著者
木村 純子 野田 恵子 楠田 康子 林原 礼子 近藤 泰子 白川 孝子 桜井 宏子 横手 香代 細澤 仁 中田 裕久 馬場 久光
出版者
神戸大学保健管理センター
雑誌
神戸大学保健管理センター年報 (ISSN:09157417)
巻号頁・発行日
no.23, pp.83-88, 2003-04

神戸大学で,2年次学生を発端者とする結核集団感染が発生した。その後の調査により,この学生が神戸大学に入学する2ヶ月前に,高校3年次の同級生が'排菌'を伴う結核で入院していた事が判明した。また,他の大学に進学した当時の同級生2名と副担任1名も,神戸大学における発端者とほぼ同時期に結核を発病していた。結核菌のDNA分析により,神戸大学における結核集団感染の発儒者と同級生2名および副担任1名の起炎菌は同一株と判明し,これら4名の者は全て,高校3年次の患者から感染し,約1年~1年半を経て発病したものと考えられた。翌春,新入生全員 (3,871名)に「入学以前の結核感染の機会」など'結核'に関する質問項目を含む健康調査を実施した。調査用紙を提出した3,797名(回収率 98.1%)の中に,「結核治療中の者」はいなかったが,「過去に結核の治療を受けた者」が14名(0.4%)存在した。また,「結核で入院したり,入院している人が周囲にいる者」が118名(3.1%)〔(1)現在5名,(2)過去1年以内36名,(3)過去1~2年16名,(4)3年以上前61名〕存在した。

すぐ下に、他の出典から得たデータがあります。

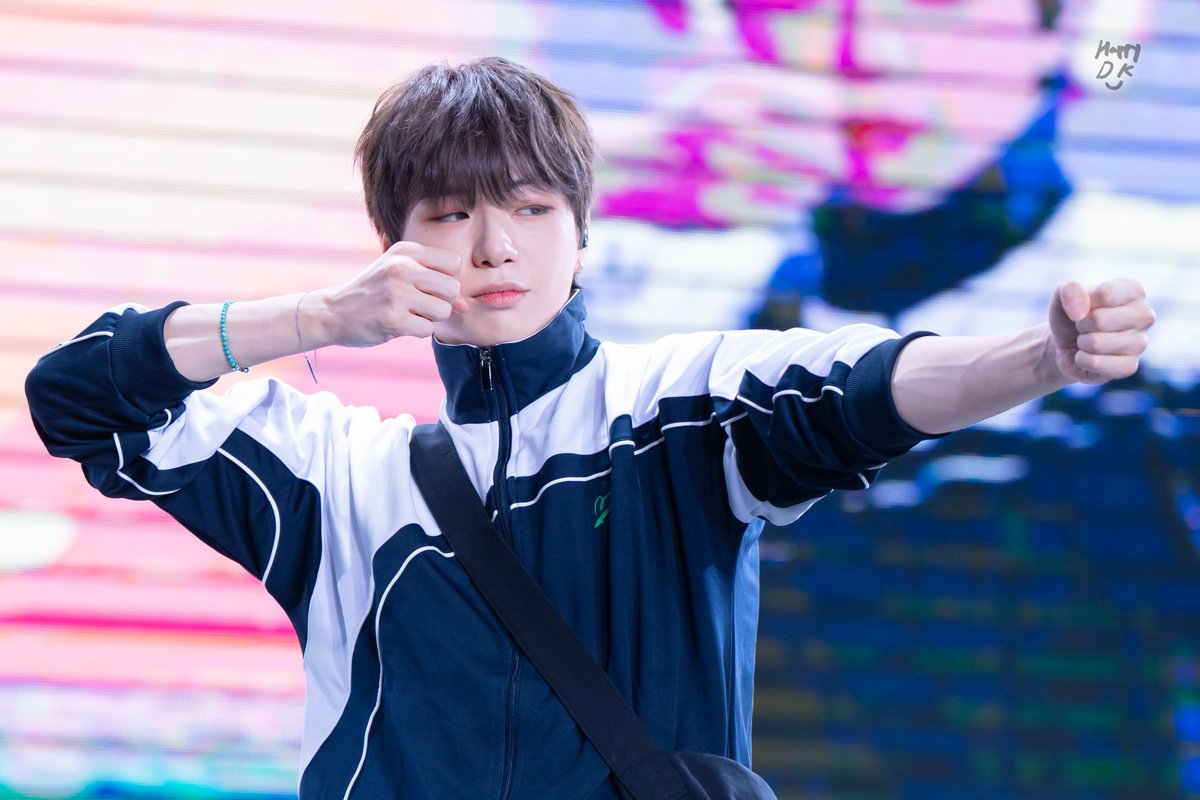 250824 KANGDANIEL FAN MEETING in CHENGDU Preview

자세 👍

#강다니엘 #KANGDANIEL
#姜丹尼尔 #カンダニエル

神戸大学における事例や,結核菌感染から発病までの一般的な期間に鑑み,(1)~(3)の計57名は,新入生健康診断時の胸部X線撮影では異常がなくても,在学中に結核を発病する可能性の高い集団と考えられた。以上のことから,新入生に対して「入学以前の結核感染の機会」について調査することは, 発病の可能性の高い学生を予め把握し,結核集団感染を未然に防ぐ上で極めて有用であると考えられた。